Recent developments, however, threaten this equilibrium. To begin with, the nature of states’ efforts to extend their territorial reach has, in recent years, been shifting in a way that may prove to spawn more conflict. In the past, concerns about extraterritoriality have often been rooted in fears that states will favor their own citizens or, in some cases, sympathetic litigants in their own courts.[13] States, for example, have sought to secure for their citizens competitive prices on liquor,[14] to deter out-of-state corporations from behaving badly toward state residents,[15] and to apply legal rules that ensure resident plaintiffs receive the fullest possible recovery.[16] In consequence, the Court—for all other constitutional provisions it has here and there suggested might be relevant to this topic—has often focused on the dormant Commerce Clause, with its roots in combatting in-state protectionism,[17] or the Due Process Clause, with its protections for defendants from arbitrary results,[18] in reining in states’ territorial overreach.

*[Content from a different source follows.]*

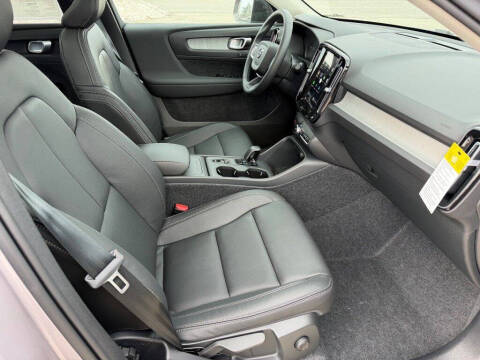 2026 Volvo XC40 B5 Core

Concerns about protectionism, to be sure, continue to arise. In the judicial realm, state courts sometimes apply forum law in service of what one commentator has described as “parochial” interests,[19] and dormant Commerce Clause cases involving outright discrimination against out-of-state industries continue to be litigated.[20] In recent years, however, the most heated debates about the extraterritorial scope of state law have generally not hinged on states’ efforts to secure economic advantages for their citizens. Rather, current controversies tend to revolve around state laws that convey no financial benefit on state residents—in fact, they sometimes do the opposite[21]—but instead express, safeguard, or seek to extend certain deeply held principles of public policy.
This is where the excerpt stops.